ことあるごとに彩のことを思い出してしまう千聖、良い意味でも悪い意味でも彩から影響されているのでは…。
星3『目指す道のり』
・エピソード「みんなと一緒に上へ」
考え方の相違があらわになるたびに、毎度のように遠慮なく口論する(主張し合う)彩と千聖。
第三者である麻弥は「それもお互いを信用している証拠」だとみているようである。
また、彩と話しているときの千聖は“すごく活き活きしている”と話す。
麻弥は彩と千聖の関係性を“同じ目標を見る仲間”、また“切磋琢磨しているいいライバル”と表現し、そういうことを千聖は嬉しく感じているように見えたと言う。
千聖も自覚こそしていなかったものの、麻弥に指摘されたことで「今まで一人で取り組むことが多かったから、その通りなのかもしれない」と肯定している。
しかしながら、最後に…
「もし、本当に彩ちゃんが私のライバルなのだとしたら、もっと上に登ってきてもらわないとね」
と、なんとも余裕そうな笑みを見せるのであった。
・メモリアルエピソード「努力が報われるとき」
初期のあやちさについて千聖視点から分かりやすくまとめたような、かなり重要度の高いエピソード。
千聖は、パスパレ結成当初、彩に対して辛らつな言葉を放ってしまったことを自嘲気味に、新人スタッフへと話して聞かせる。
その言葉は現実を突きつけただけであり決して間違ったものではなかったと言いつつも、深く落ち込んでいた彩の姿をよく覚えていると語る。
それでも、努力をやめなかった彩がどれほどまでに多くの人の心を動かしたか、時折「ふふ…」と幸せそうな笑みを漏らしつつ、詳しく語ってくれるのである。
「地道な努力は誰かが見ていて、その努力が報われることもある…」
「彩ちゃんを見ていたら、そう思えるようになったんです」
「今の私があるのは、あの時の彩ちゃんの言葉と…」
「それを支えたパスパレの仲間達のおかげですね」
星3『真っ白な居場所』
・メモリアルエピソード「バタフライエフェクト」
新人スタッフは道端で偶然千聖に出会うが、その時の千聖は携帯の写真を見ながら、ひとり「ふふ…この写真の彩ちゃん、いい笑顔ね」と呟いていた。

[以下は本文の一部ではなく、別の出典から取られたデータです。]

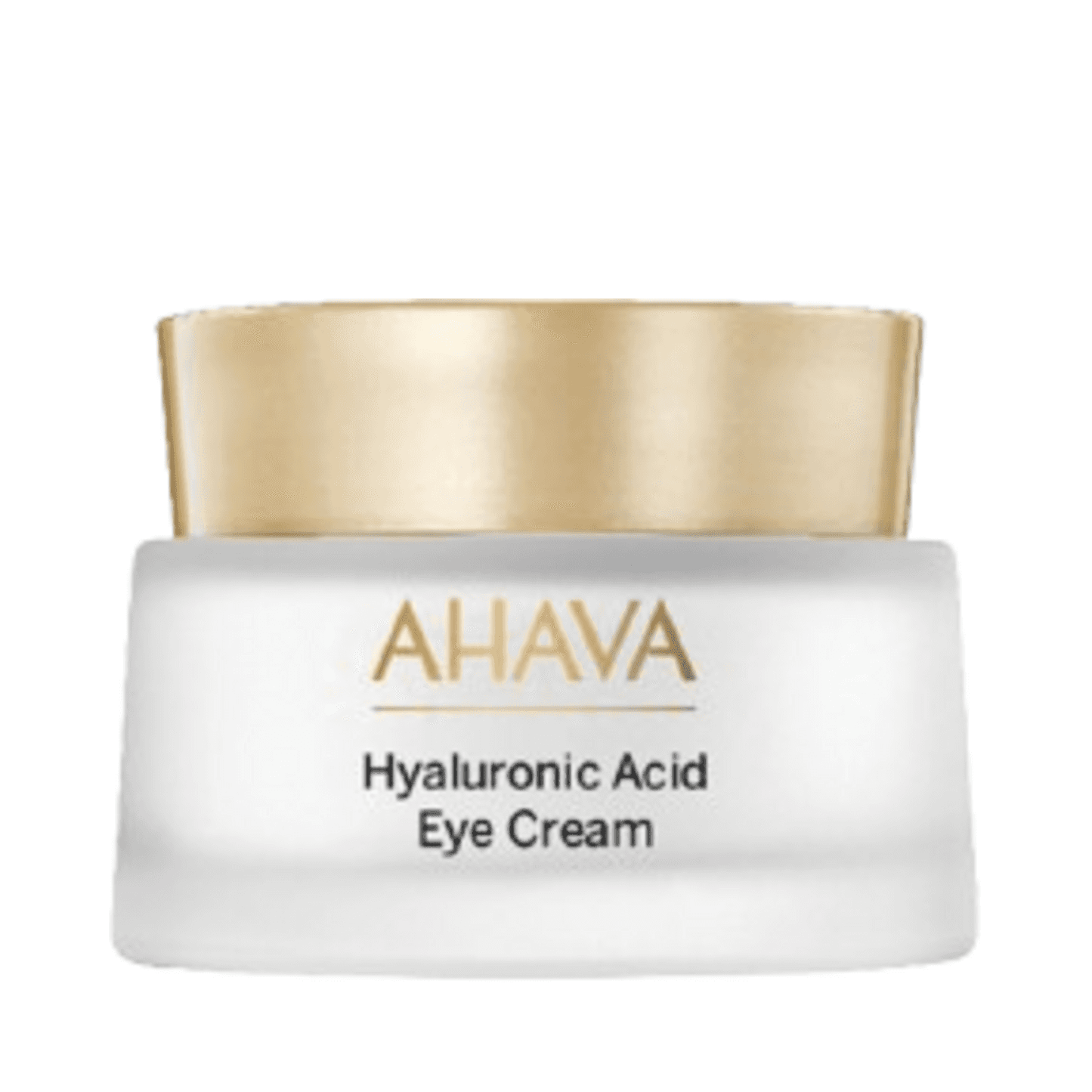 Ahava Hyaluronic Acid Eye Cream krukke med guldlåg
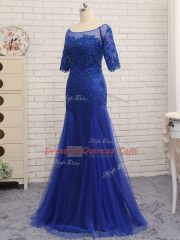 Half Sleeves Tulle Zipper Prom Dresses in Royal Blue with Lace and Appliques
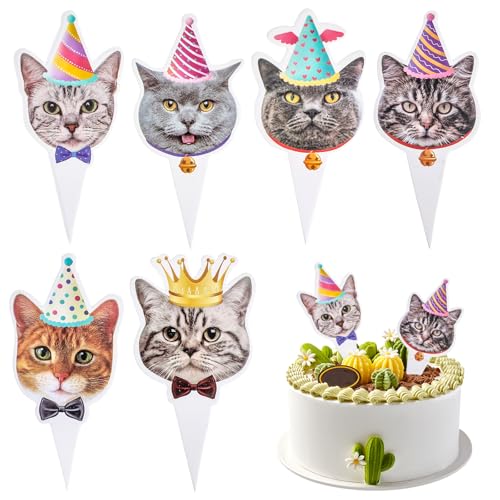 48 Pcs Cat Cupcake Toppers, Cat Face Cake Toppers, Kitten Cupcake...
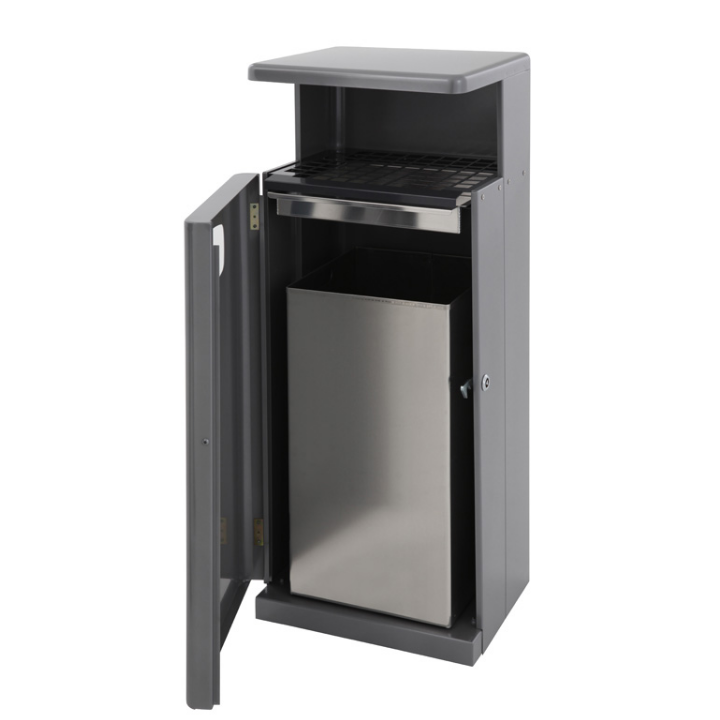Buitenafvalbak met ashouder & afdak, 55 liter, antraciet, VB 400075 - 1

(そう言う本人もとてもいい笑顔である)
星3『本気・パニック』
・エピソード「あの時、小屋の中で」
彩の星2カード『本気・待機……』と同じく、小屋の中でイヴ・麻弥・日菜を待つ彩と千聖のエピソード。
彩は唐突に千聖へ「何か悩みはないか」と問いかける。
「いつも私が、相談に乗ってもらってるから、千聖ちゃんは、相談したいことないのかなって思って」
あらゆる場面で出てくる、彩の“千聖に頼られたい”という思いも、このセリフから読み取ることができる。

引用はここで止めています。